Frying chicken is NOT as easy as you might think. I consider myself very lucky that mine has always come out well.

Your results tell me the temperature may have been too high, regardless of what your Thermapen said. Seven minutes to burnt is setting off alarms. It shouldn't burn that fast. 

I personally don't worship the Thermapen the way many people do. I sold mine years ago because it let me down too many times. I'm not saying that was your problem, but it may have played a role. 

My own experience with pan fried chicken, which I do in cast iron -- pan or DO is not important if you have the oil at the same level -- is that you go by the color. Fry one side until the color looks right, and turn it over.
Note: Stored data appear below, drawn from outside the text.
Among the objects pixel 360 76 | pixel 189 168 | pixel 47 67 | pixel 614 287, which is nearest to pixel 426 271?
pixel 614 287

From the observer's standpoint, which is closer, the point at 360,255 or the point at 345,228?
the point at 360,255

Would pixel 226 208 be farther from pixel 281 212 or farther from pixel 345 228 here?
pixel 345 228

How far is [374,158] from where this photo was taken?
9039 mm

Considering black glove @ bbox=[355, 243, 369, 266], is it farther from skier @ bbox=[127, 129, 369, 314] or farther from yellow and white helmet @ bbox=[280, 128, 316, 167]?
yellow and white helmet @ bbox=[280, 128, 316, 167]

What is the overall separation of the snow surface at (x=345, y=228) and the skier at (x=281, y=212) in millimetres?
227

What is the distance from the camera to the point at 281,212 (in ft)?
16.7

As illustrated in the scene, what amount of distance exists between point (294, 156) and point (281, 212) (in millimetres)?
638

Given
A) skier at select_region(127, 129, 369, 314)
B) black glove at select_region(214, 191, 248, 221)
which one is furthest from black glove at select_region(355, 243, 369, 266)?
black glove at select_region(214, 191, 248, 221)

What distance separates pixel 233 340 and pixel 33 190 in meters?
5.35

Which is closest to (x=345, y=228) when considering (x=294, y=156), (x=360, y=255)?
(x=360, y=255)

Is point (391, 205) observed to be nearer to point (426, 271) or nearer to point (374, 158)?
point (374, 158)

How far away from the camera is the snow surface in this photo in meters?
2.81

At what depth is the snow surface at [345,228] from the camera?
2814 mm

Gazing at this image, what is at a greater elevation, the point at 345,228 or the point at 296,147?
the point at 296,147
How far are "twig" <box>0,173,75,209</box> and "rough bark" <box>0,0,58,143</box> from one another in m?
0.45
I don't probe the meat for temperature. When it is crisp and golden brown on one side, flip it until it is crisp and golden brown on the other side. 

Fried chicken is one of those things you just have to learn to make, through trial and error. 

CD


----------



## Caslon (Jan 19, 2019)

I got to thinking, what if I set my rare to buy now 6" x 7" drying rack at the bottom of my big frying pan (it barely fits).  Maybe the heat from the bottom of the CI pan wouldn't scorch the chicken batter?
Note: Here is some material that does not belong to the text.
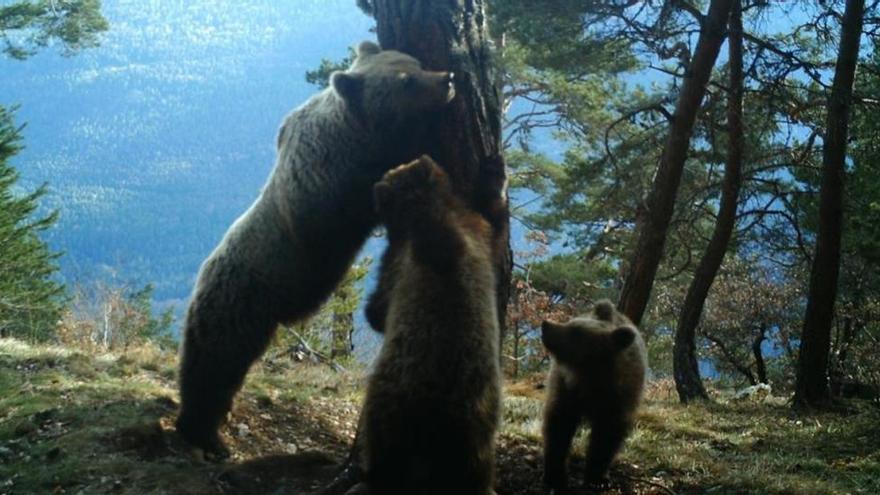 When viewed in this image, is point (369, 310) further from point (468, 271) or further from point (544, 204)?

I think the secret of oil frying chicken is learning from someone who does.


----------



## Kayelle (Jan 19, 2019)

I don't do will with fried chicken either and getting different chicken parts done together is a mystery to me. We like thighs so that's what I fry till nicely browned, and then finish them in a hot oven. By the way, I think thighs need to be cooked to 180 internal temp for best texture.


----------



## Caslon (Jan 19, 2019)

caseydog said:


> Frying chicken is NOT as easy as you might think. I consider myself very lucky that mine has always come out well.
> 
> Your results tell me the temperature may have been too high, regardless of what your Thermapen said. Seven minutes to burnt is setting off alarms. It shouldn't burn that fast.



I try and fry chicken at optimum temp. Getting there.

I keep thinking of southern fried chicken sunday dinners, where it's like   Churches fried chicken or KFC or an experienced hired woman who does it well.  

My fried chicken nowhere near hers, might never be.


----------



## caseydog (Jan 19, 2019)

Caslon said:


> I got to thinking, what if I set my rare to buy now 6" x 7" drying rack at the bottom of my big frying pan (it barely fits).  Maybe the heat from the bottom of the CI pan wouldn't scorch the chicken batter?
> 
> I think the secret of oil frying chicken is learning from someone who does.



You are on the right track. I watched other people fry chicken before I tried it on my own. It made a big difference.

Forget the rack, or other tricks. It works perfectly if you know what to do, _*and get out of the way!*_

I think more fried chicken is ruined by anxiety than anything else. You have to prepare, and then do it, and let it cook. 

I was stressed out the first time I made fried chicken. It came out great! Now, I don't stress out. I just do it.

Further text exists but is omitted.